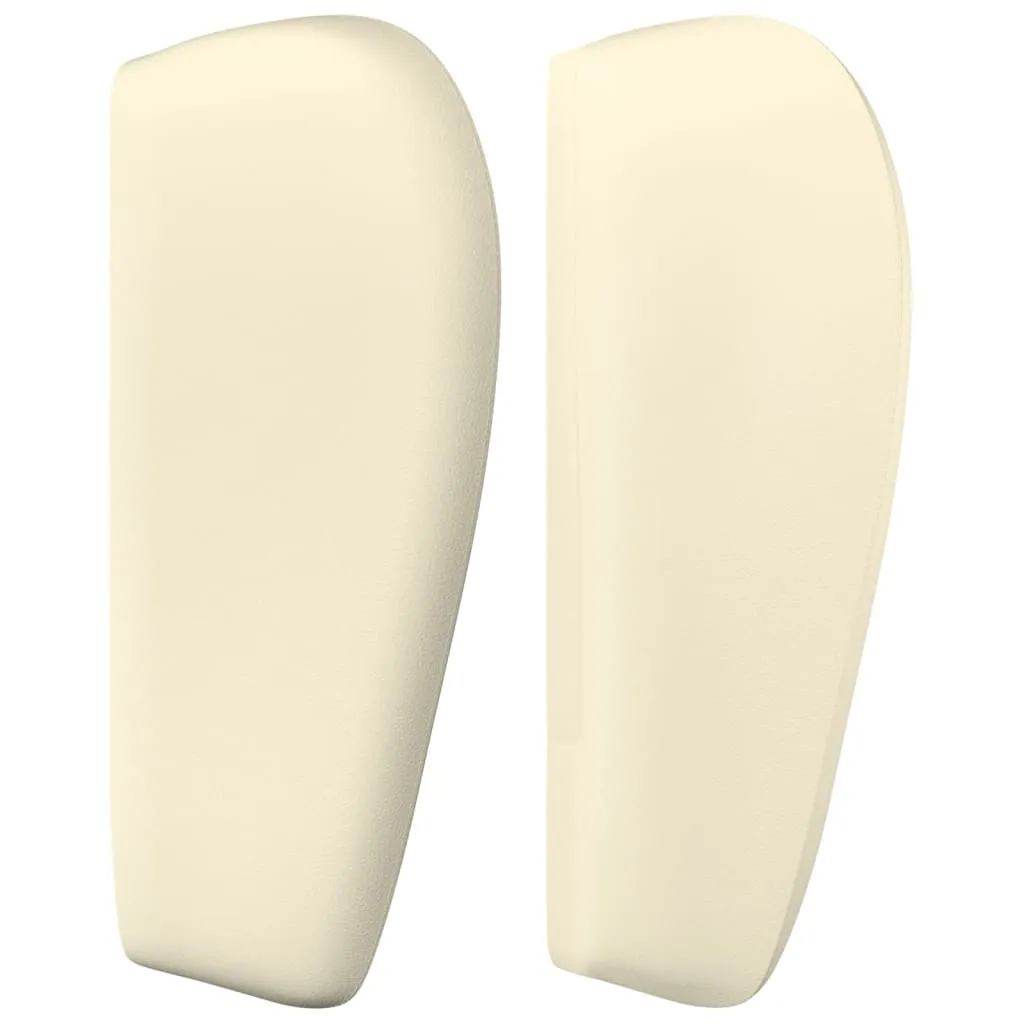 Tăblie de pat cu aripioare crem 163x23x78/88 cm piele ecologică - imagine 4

---

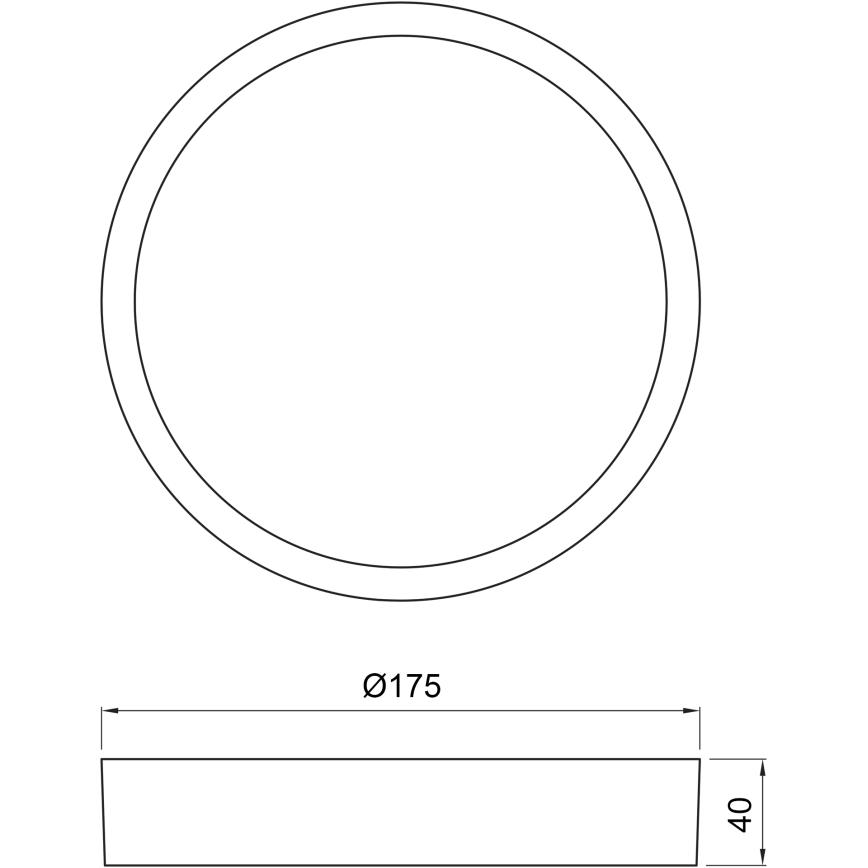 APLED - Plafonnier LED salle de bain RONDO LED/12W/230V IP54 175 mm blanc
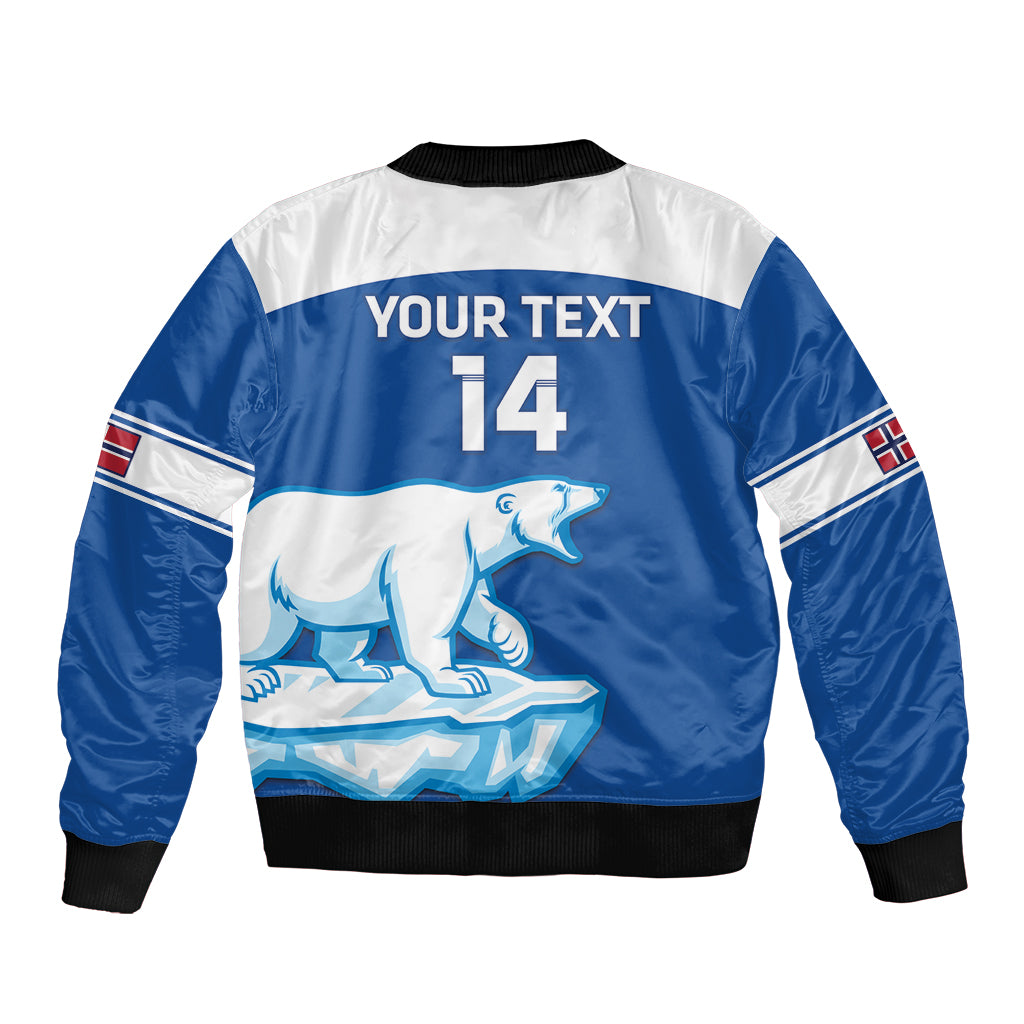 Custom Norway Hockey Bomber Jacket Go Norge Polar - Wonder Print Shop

▶ [Work required] Within the listing above, the lines starting at the one containing "APLED - Plafonnier" and ending at the one containing "Custom Norway Hockey" are to be returned exactly. Omit the pictures.

▶ [Written answer]
 APLED - Plafonnier LED salle de bain RONDO LED/12W/230V IP54 175 mm blanc
 Custom Norway Hockey Bomber Jacket Go Norge Polar - Wonder Print Shop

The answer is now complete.